Blocking charges--Suspension of proceedings-Request to proceed. (1) Where representation proceedings have been commenced under this chapter and:

            (a) A complaint charging unfair labor practices is filed under the provisions of chapter 391-45 WAC; and

            (b) It appears that the facts as alleged may constitute an unfair labor practice; and

            (c) Such unfair labor practice could improperly affect the outcome of a representation election; the executive director may suspend the representation proceedings under this chapter pending the resolution of the unfair labor practice case.

[3]          Forks Community Hospital, Decision 4187-B, (PECB, 1993).

[4]          The record establishes that no employee has been disciplined for discussing personal or family business during work hours in work areas.

[5]          Barbara Stever testified that she and another employee became angry over the possibility that the addresses used by Perkins-Peppers to mail her letter might have come from the employer's personnel files.

[6]          A valid no-solicitation rule would also have to uniformly ban other solicitations, such as selling raffle tickets or admissions for charities or charitable events.

[7]          Employees are allowed considerable latitude in seeking the support of other employees for a representation petition.

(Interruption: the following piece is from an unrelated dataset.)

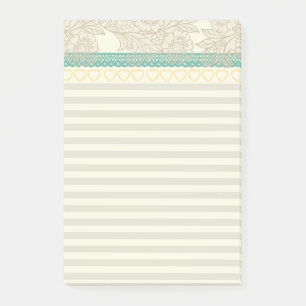 Post-it® Jolie féminine très pastel dentelle et rayures Ret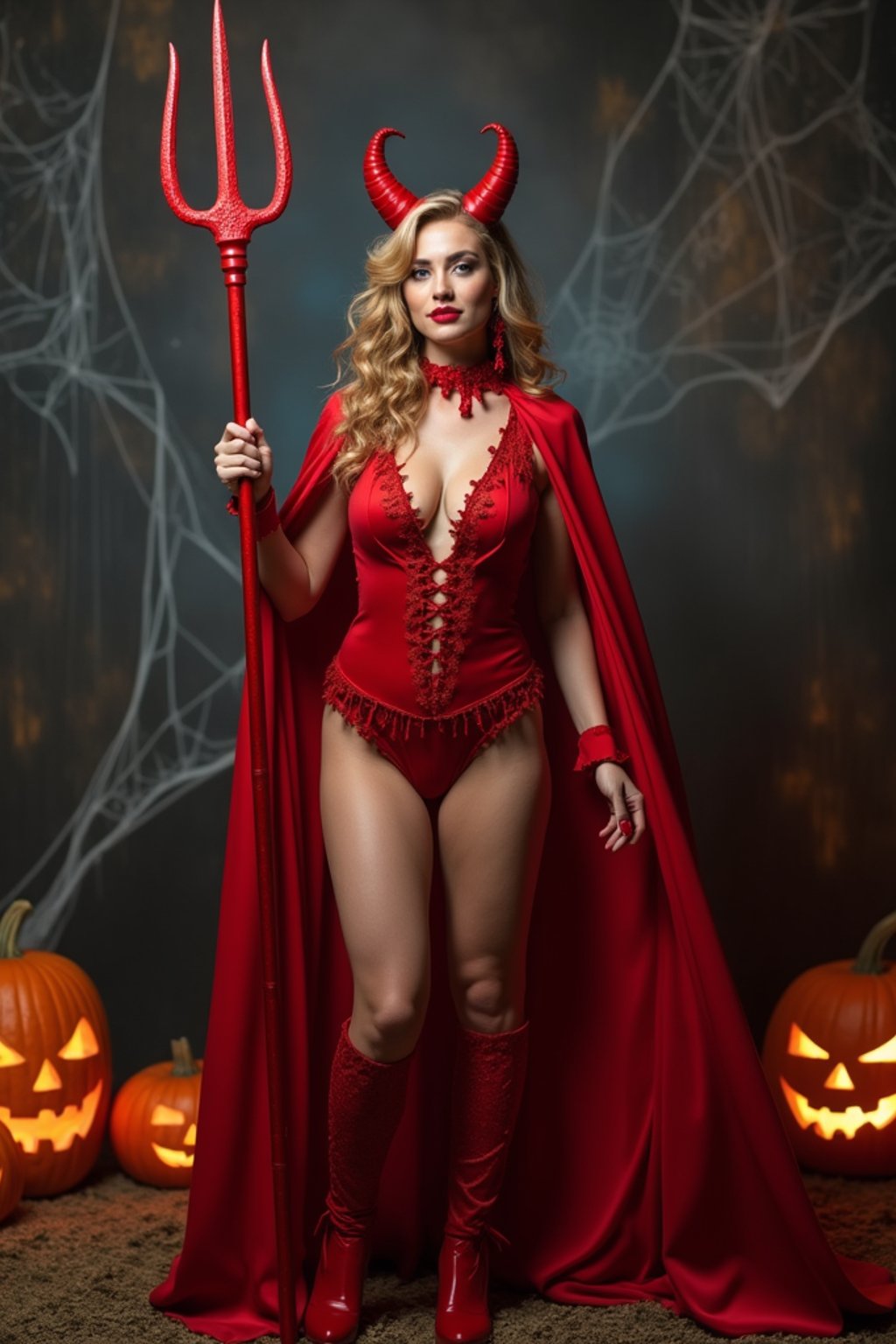 A woman wearing a classic red devil costume with devil horns, a red cape, and holding a trident. The backdrop includes pumpkins, spider webs, and a spooky night scene.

In Lewis County, Decision 4691-A (PECB, 1994), a union supporter's manner was observed to be rude and discourteous, but it was nevertheless held that "RCW 41.56.140(1) and .150(1) do not prohibit free speech to the degree that raised voices, angry words, and sharp disagreements are universally rendered illegal. 11

[8]          The postage meter was in an area where employees or members of the public could have access to it.